Task statement: Each line of the records must appear in your answer exactly, with no pictures.

[The data]

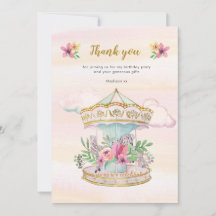 Carrusel Cumpleaños carta de agradecimiento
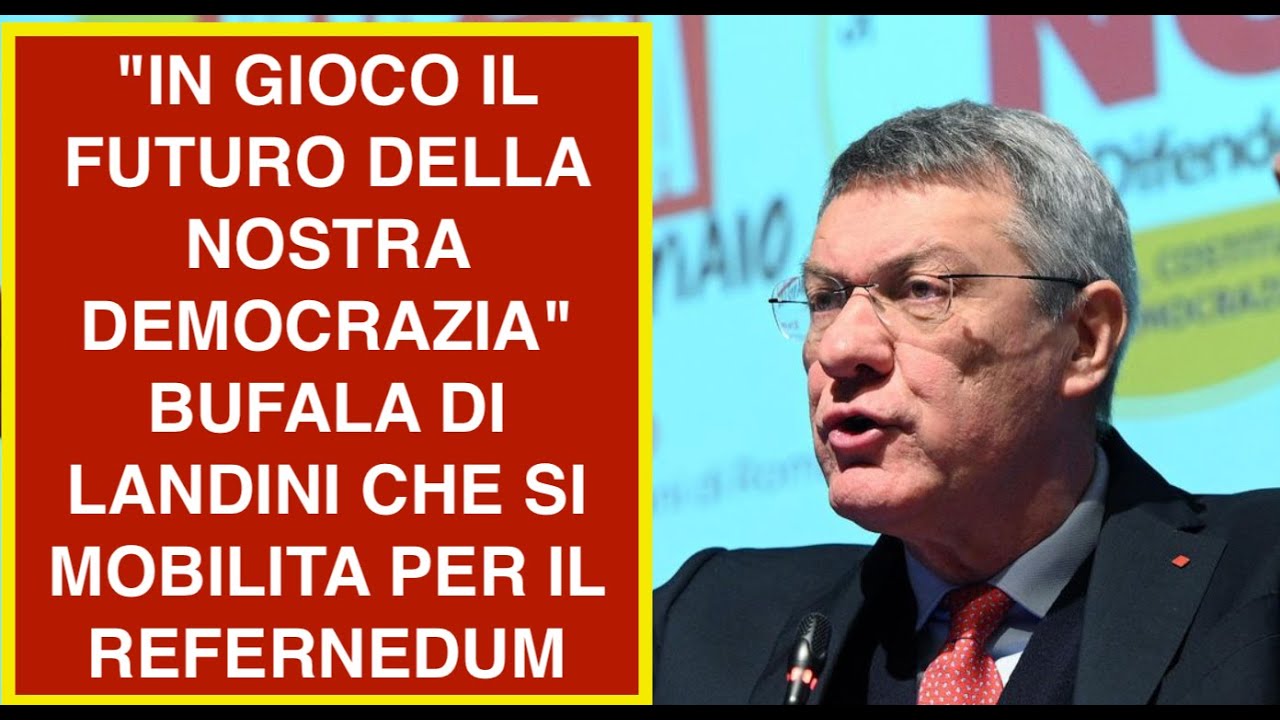 "IN GIOCO IL FUTURO DELLA NOSTRA DEMOCRAZIA" BUFALA DI LANDINI CHE SI MOBILITA PER IL REFERNEDUM
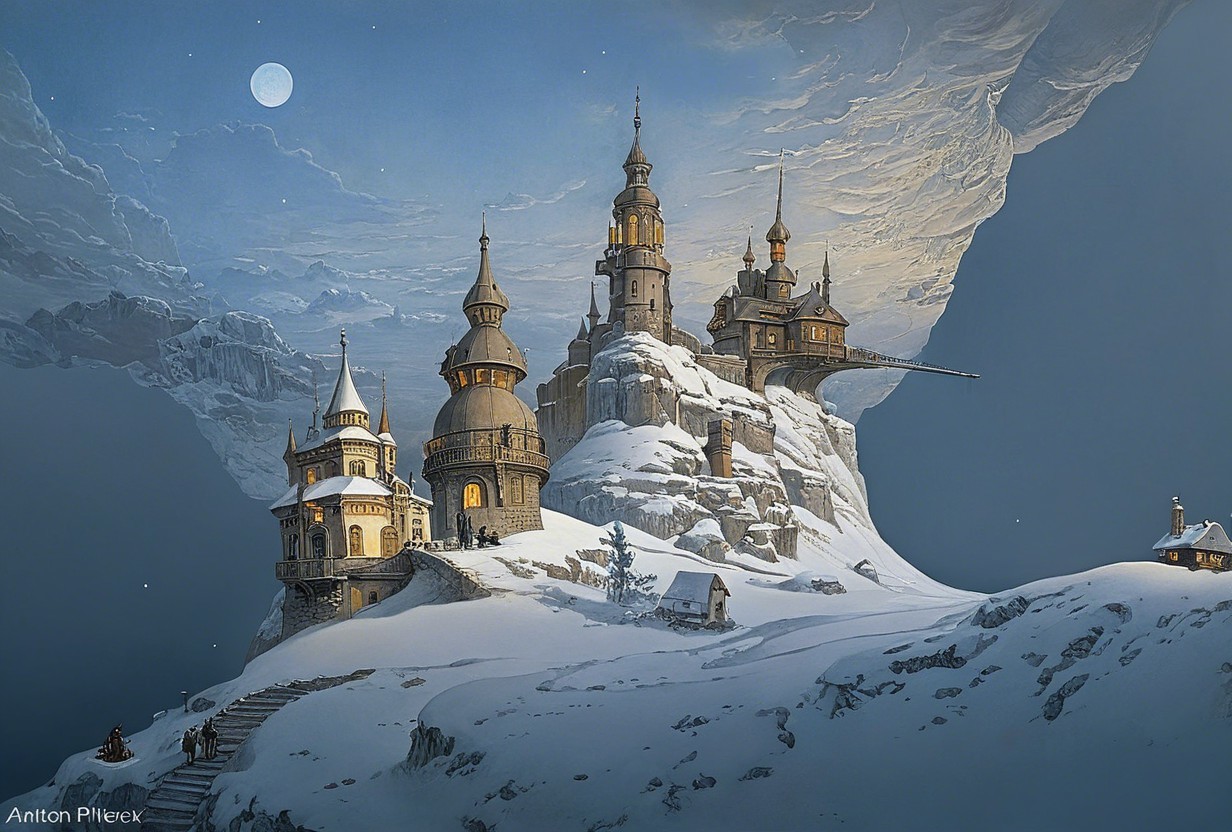 Snow-Covered Castle on Rocky Cliff in Moonlight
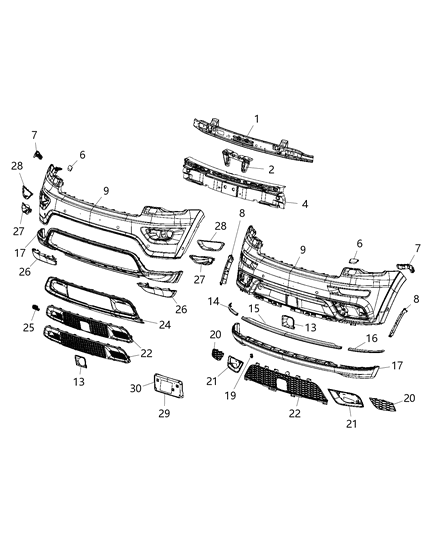 2021 Jeep Wrangler Trim Ring Fog Lamp Bezel Diagram for 5YL30NTZAA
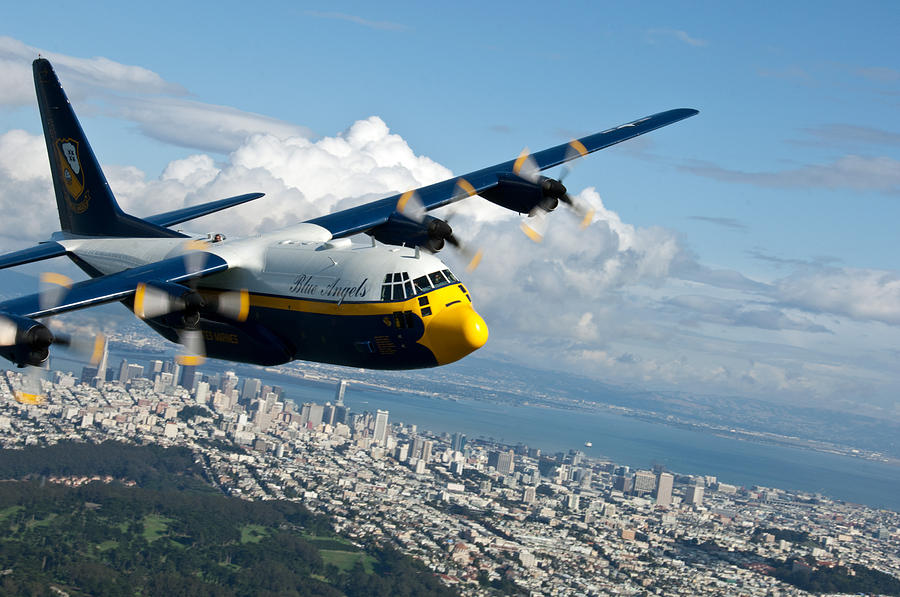 C-130 Hercules flys over San Francisco  Painting by Celestial Images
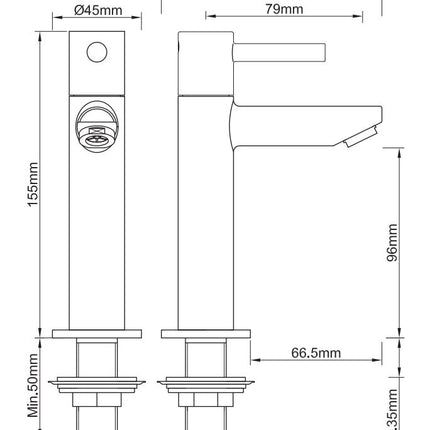 Wiesbaden Amador fonteinkraan XL geborsteld messing - technische tekening | Schwertz & Co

[/The data]

Response to this task:
 Carrusel Cumpleaños carta de agradecimiento
 "IN GIOCO IL FUTURO DELLA NOSTRA DEMOCRAZIA" BUFALA DI LANDINI CHE SI MOBILITA PER IL REFERNEDUM
 Snow-Covered Castle on Rocky Cliff in Moonlight
 2021 Jeep Wrangler Trim Ring Fog Lamp Bezel Diagram for 5YL30NTZAA
 C-130 Hercules flys over San Francisco  Painting by Celestial Images
 Wiesbaden Amador fonteinkraan XL geborsteld messing - technische tekening | Schwertz & Co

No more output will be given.